Francis Collins (2006), head of the National Institutes of Health, points out some of these examples of fine-tuning in his book, The Language of God, and concludes that they provide “an interesting argument in favor of a Creator.” Speaking of our fine-tuned universe, Nobel prize-winner Arno Penzias (Margenau and Varghese 1992, p.78) says that the universe has “the very delicate balance needed to provide exactly the conditions required to permit life, and one which has an underlying (one might say ‘supernatural’) plan.”

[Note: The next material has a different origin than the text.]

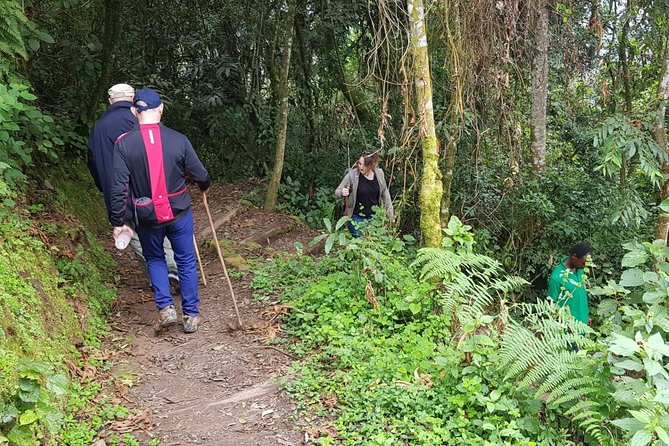 Three-day Nyungwe Canopy and Kivu Lake Adventure - Why this route works for an active Rwanda trip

Paul Davies (1992), in The Mind of God: The Scientific Basis for a Rational World, says:

  • … There is no doubt that many scientists are opposed temperamentally to any form of metaphysical, let alone mystical arguments. They are scornful of the notion that there might exist a God, or even an impersonal creative principle or ground of being that would underpin reality and render its contingent aspects less starkly arbitrary. Personally I do not share their scorn. Although many metaphysical and theistic theories seem contrived or childish, they are not obviously more absurd than the belief that the universe exists, and exists in the form it does, reasonlessly. It seems at least worth trying to construct a metaphysical theory that reduces some of the arbitrariness of the world. But in the end a rational explanation for the world in the sense of a closed and complete system of logical truths is almost certainly impossible. — p.231

And in God and the New Physics, Davies says,

  • The delicate fine-tuning in the values of the constants, necessary so that the various different branches of physics can dovetail so felicitously, might be attributed to God. It is hard to resist the impression that the present structure of the universe, apparently so sensitive to minor alterations in the numbers, has been rather carefully thought out. – p.189

John Polkinghorne (1986), mathematical physics professor at Cambridge University and Fellow of the Royal Society, who also trained for the Anglican priesthood, says:

  • The rational order that science discerns is so beautiful and striking that it is natural to ask why it should be so. It could only find an explanation in a cause itself essentially rational. This would be provided by the Reason of the Creator … we know the world also to contain beauty, moral obligation and religious experience. These also find their ground in the Creator—in his joy, his will and his presence. — p.79

Heinz Pagels (1985), executive director of The New York Academy of Sciences and a theoretical physicist at the Rockefeller University, says that “the anthropic principle is convenient, but it’s not science”. In a 1985 article he concludes with:

  • There does exist a line of thinking that is in direct competition with the anthropic principle. Edward Harrison, in his textbook Cosmology, advises his readers early on: “We shall occasionally refer to the anthropic principle, and the reader may, if it is preferred, substitute the alternative theistic principle.” The theistic principle is quite straightforward: the reason the universe seems tailor-made for our existence is that it was tailor-made for our existence; some supreme being created it as a home for intelligent life. Of course, some scientists, believing science and religion mutually exclusive, find this idea unattractive. Faced with questions that do not neatly fit into the framework of science, they are loath to resort to religious explanation; yet their curiosity will not let them leave matters unaddressed. Hence, the anthropic principle. It is the closest that some atheists can get to God.